Una velada inolvidable
Ante una sala Roja colmada de público -y con Serrat ubicado en primera fila- tomaron su lugar en el escenario la Orquesta Sinfónica y los Coros de Cámara y de Jóvenes de la UNCUYO. A medida que el programa avanzó se fueron sumando Gabriela Fernández y Nahuel Jofré, las voces solistas invitadas para la ocasión.

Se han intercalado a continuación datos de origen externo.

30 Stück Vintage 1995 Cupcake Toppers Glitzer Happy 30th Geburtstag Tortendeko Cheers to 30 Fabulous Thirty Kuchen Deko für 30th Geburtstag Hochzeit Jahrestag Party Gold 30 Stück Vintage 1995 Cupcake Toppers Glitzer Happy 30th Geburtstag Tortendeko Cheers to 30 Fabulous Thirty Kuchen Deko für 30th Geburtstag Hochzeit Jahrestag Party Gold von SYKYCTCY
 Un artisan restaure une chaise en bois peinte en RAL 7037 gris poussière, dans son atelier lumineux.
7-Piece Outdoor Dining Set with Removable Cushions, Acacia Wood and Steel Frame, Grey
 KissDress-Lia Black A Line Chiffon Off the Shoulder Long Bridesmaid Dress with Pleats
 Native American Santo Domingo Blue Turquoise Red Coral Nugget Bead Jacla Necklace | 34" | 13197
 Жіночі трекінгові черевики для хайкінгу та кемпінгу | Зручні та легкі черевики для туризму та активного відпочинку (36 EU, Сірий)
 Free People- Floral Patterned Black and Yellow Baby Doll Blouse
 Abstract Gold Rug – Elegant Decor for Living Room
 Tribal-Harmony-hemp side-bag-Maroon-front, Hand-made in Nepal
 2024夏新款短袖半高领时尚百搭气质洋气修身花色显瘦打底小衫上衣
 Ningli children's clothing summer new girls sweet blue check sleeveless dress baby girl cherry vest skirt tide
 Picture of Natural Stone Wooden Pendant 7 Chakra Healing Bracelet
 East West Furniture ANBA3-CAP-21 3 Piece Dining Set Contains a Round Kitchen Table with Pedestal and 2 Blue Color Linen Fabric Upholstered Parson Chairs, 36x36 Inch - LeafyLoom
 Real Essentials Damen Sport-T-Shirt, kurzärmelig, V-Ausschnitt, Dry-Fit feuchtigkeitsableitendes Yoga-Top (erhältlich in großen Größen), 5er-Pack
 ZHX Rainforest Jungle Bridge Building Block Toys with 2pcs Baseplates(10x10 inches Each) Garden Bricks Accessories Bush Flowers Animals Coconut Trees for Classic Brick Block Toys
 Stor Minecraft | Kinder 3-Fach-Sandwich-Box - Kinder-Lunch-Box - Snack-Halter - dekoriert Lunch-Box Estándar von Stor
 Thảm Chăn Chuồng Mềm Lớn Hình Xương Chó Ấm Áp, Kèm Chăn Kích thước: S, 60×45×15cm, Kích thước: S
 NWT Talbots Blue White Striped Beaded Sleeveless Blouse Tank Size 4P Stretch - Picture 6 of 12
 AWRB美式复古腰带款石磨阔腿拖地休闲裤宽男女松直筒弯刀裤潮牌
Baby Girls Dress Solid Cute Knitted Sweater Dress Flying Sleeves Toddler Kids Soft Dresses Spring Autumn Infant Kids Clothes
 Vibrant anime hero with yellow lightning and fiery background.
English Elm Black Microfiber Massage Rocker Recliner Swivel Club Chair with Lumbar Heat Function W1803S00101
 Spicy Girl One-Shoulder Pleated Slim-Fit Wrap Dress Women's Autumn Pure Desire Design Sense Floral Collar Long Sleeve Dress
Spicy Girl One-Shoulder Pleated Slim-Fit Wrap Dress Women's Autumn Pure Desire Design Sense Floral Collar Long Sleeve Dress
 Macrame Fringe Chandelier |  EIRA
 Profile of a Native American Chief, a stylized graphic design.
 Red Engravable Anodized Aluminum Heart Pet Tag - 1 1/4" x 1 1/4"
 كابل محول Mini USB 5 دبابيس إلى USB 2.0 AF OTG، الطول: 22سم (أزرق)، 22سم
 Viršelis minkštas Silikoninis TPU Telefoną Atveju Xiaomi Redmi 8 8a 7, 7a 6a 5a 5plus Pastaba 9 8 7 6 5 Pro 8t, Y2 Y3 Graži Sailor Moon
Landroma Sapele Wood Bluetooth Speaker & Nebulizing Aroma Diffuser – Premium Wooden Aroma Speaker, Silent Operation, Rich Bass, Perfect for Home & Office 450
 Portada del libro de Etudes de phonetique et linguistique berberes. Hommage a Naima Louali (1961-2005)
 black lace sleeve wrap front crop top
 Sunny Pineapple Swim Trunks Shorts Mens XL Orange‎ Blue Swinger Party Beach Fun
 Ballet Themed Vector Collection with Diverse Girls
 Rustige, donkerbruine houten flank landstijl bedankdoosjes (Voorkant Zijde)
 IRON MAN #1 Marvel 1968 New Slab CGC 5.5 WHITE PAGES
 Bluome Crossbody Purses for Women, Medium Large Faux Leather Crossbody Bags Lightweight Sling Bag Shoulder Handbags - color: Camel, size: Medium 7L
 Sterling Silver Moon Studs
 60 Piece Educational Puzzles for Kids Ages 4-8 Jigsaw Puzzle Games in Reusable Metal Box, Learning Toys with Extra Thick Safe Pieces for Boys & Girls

La batuta del maestro Tobías Volkmann marcó el tiempo y guió la ejecución de la Sinfónica. Diego Martín y Ángela Burgoa cumplieron idéntica función al frente de las voces corales. Gustavo "Popi" Spatocco hizo los arreglos musicales para esta velada especial. "Agradecer a todos, fue mucho trabajo involucrado, pero valió mucho la pena. Quiero agradecer también a la Universidad por tener tantos organismos artísticos, tanto trabajo artístico de calidad hecho aquí en el espacio de la Universidad. No se ve en cualquier universidad, en cualquier lugar", aseguró al caer el telón final, el director de la Orquesta.
El repertorio elegido incluyó las obras Balderrama de Cuchi Leguizamón, Canción de las simples cosas de Cesar Isella y Armando Tejada Gómez, Gringa chaqueña de Ariel Ramírez y Félix Luna, Zamba para no morir de Rosales Ambros y Lima Quintana, Tonada de otoño de Damián Sánchez y Jorge Sosa, Juan del monte de Cuchi Leguizamón y Manuel Castilla, Cuando me empiece a quedar solo de Charly García, Sube, sube de Víctor Heredia y Todo cambia de Julio Neuhauser, además de una Selección de cuecas cuyanas.